AP Photo/Patrick Semansky
An American and Australian flag hang from the Eisenhower Executive Office Building on the grounds of the White House Complex in 2019.

Is the so-called AUKUS arrangement between close allies Australia, the United Kingdom and the United States losing its mojo? Were that the case, one of the Biden administration’s top two or three signature initiatives for pushing back with allies and partners against the threatening aspects of China’s rise could be lost. Yet the administration seems unaware of this risk. From the E ring of the Pentagon to the White House, it is time that people lose their complacency on the matter.

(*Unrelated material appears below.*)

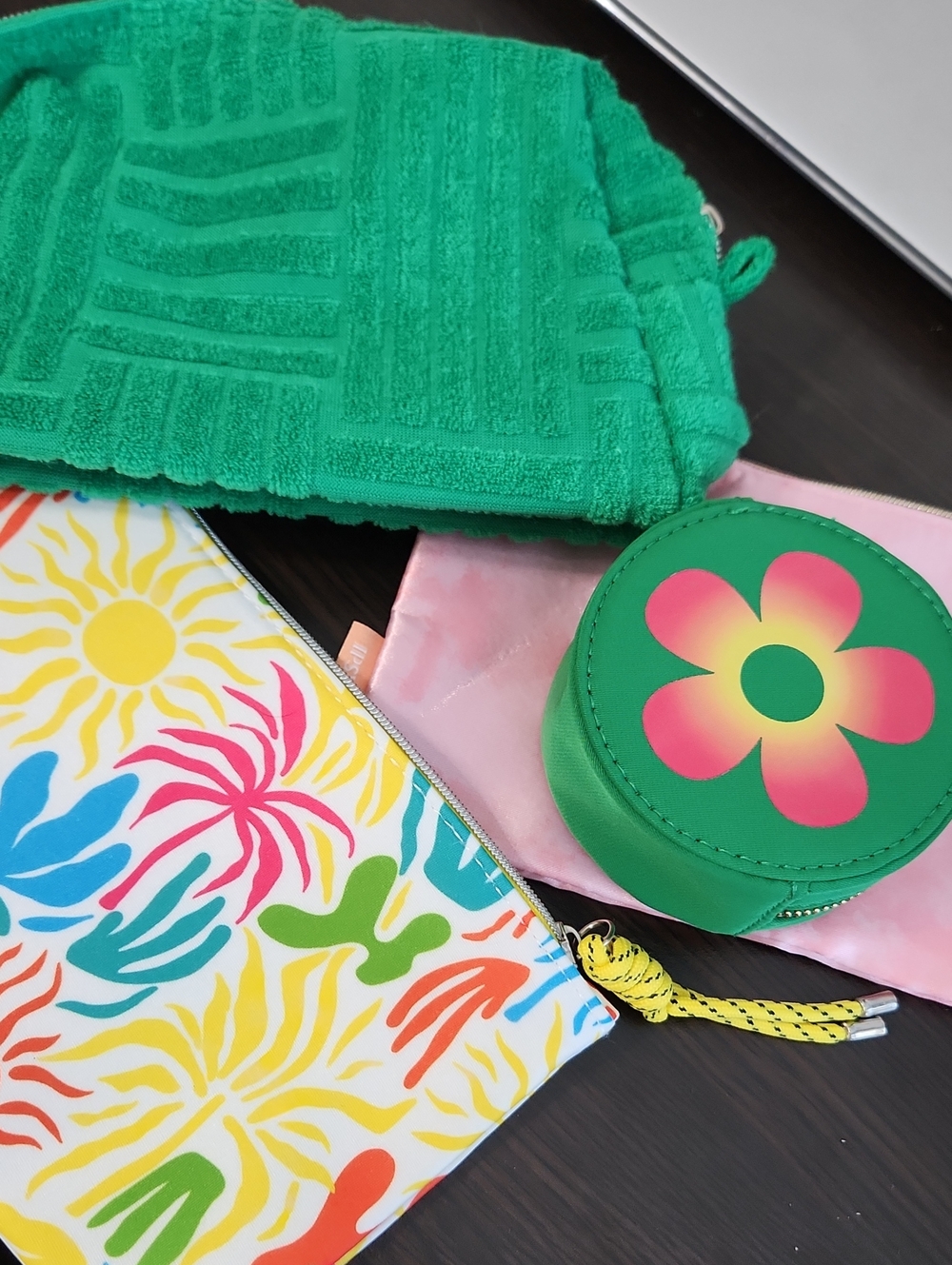 Cosmetic/accesories Pouch Bundle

The initial AUKUS idea was counterintuitive in various ways. It was not clear why three countries that were already allies needed a new mechanism to collaborate. With Australia’s modest military budget of around $35 billion (about 1/20th America’s own) it was not obvious that that nation could really afford the submarines at the heart of the deal or that there were other, larger benefits for the United States to gain by collaborating with such a mid-sized partner on other areas of military technology development. Also, with some in the U.S. government predicting that China might attack Taiwan later this decade, it was not clear how a program that would only deliver submarines to Australia in the 2030s (at the earliest) would make any useful difference.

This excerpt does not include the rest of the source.